So when Truman asked Churchill to deliver a speech about the prospects of peace in the post-war world at a little-known college in Fulton, Churchill eagerly accepted the invitation. The speech he prepared began by expressing great faith in the new United Nations Organisation, which had only just come into being. Churchill anticipated the debate that would last for decades by insisting that the UN would need to have its own armed forces, made up of soldiers, sailors, and airmen recruited from its member states, in order to enforce its decisions and guarantee the peace. He also put great faith in the ‘special relationship’ between Britain and America, and in how the ‘English-speaking peoples’ were standing at the ‘pinnacle of world power’.

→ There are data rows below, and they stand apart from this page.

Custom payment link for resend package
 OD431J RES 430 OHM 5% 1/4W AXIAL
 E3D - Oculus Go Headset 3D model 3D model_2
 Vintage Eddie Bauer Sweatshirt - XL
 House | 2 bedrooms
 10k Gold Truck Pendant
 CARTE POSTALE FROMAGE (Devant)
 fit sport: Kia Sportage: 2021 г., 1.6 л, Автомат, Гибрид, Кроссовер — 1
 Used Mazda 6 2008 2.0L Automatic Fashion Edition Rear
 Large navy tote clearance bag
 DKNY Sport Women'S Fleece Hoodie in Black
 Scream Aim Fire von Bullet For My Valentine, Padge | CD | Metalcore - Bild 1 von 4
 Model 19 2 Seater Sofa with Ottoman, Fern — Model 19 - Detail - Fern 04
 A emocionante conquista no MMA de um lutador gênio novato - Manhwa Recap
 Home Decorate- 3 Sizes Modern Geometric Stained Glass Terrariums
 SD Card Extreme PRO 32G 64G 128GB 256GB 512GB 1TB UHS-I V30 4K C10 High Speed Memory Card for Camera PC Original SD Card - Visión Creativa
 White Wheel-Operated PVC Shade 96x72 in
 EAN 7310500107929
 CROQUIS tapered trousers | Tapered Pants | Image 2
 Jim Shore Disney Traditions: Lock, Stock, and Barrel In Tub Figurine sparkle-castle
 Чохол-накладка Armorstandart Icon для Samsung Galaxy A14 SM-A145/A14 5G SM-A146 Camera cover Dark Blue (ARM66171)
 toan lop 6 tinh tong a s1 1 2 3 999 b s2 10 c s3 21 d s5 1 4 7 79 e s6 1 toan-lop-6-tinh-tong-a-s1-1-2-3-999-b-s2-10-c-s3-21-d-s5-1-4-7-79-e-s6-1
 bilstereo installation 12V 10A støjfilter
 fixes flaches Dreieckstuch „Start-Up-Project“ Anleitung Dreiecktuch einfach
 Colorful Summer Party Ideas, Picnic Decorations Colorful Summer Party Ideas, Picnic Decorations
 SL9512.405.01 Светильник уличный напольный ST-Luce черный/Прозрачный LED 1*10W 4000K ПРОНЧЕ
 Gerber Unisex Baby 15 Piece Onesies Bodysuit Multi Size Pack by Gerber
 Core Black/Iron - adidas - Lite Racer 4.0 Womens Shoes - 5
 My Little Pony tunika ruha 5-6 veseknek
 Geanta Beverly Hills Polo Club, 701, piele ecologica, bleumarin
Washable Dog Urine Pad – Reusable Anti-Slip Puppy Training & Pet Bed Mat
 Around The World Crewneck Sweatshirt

But the speech is best remembered for one section that contained a major warning about the future. Churchill said he understood Stalin’s desire for a barrier with the West – but went on to condemn this in some of his finest rhetoric. ‘From Stettin in the Baltic to Trieste in the Adriatic,’ he declared, ‘an Iron Curtain has descended across the Continent. Behind that line lie all the capitals of the ancient states of Central and Eastern Europe. Warsaw, Berlin, Prague, Vienna, Budapest, Belgrade, Bucharest, and Sofia… all are subject in one form or another, not only to Soviet influence but to a very high and, in many cases, increasing measure of control from Moscow.’
Everywhere he looked, Truman saw the Soviets breaching wartime agreements.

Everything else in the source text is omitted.